Member of the National Assembly of Pakistan
- In office 1 June 2013 – 31 May 2018
- Constituency: Reserved seat for women

Personal details
- Born: Shazia Sohail Mir
- Party: Pakistan Muslim League (N)

= Shazia Ashfaq Mattu =

Pakistani politician

Shazia Ashfaq Mattu is a Pakistani politician who had been a member of the National Assembly of Pakistan from June 2013 to May 2018.

==Early life and education==
Mattu was born in Gujranwala.

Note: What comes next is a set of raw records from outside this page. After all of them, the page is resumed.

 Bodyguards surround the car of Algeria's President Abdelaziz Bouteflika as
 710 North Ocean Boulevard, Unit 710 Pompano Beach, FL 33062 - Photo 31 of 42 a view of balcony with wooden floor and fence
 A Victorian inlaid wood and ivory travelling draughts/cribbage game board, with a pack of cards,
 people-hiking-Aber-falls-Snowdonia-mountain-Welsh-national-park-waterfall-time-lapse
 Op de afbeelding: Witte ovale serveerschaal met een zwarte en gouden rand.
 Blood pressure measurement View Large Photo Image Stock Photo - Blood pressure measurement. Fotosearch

She received her degree of MA in Urdu from University of the Punjab, Lahore.

==Political career==
She was elected to the Provincial Assembly of the Punjab as a candidate of Pakistan Muslim League (N) from PP-95 (Gujranwala-V) constituency in the 2008 Pakistani general election.

She was indirectly elected to the National Assembly of Pakistan as a candidate of Pakistan Muslim League (N) on reserved seats for women from Punjab in the 2013 Pakistani general election.

On 13 May 2024, the Election Commission of Pakistan (ECP) suspended her membership as a member of the National Assembly. This action followed a Supreme Court of Pakistan decision to suspend the verdict of the Peshawar High Court, which had denied the allocation of a reserved seat to the PTI-Sunni Ittehad Council bloc.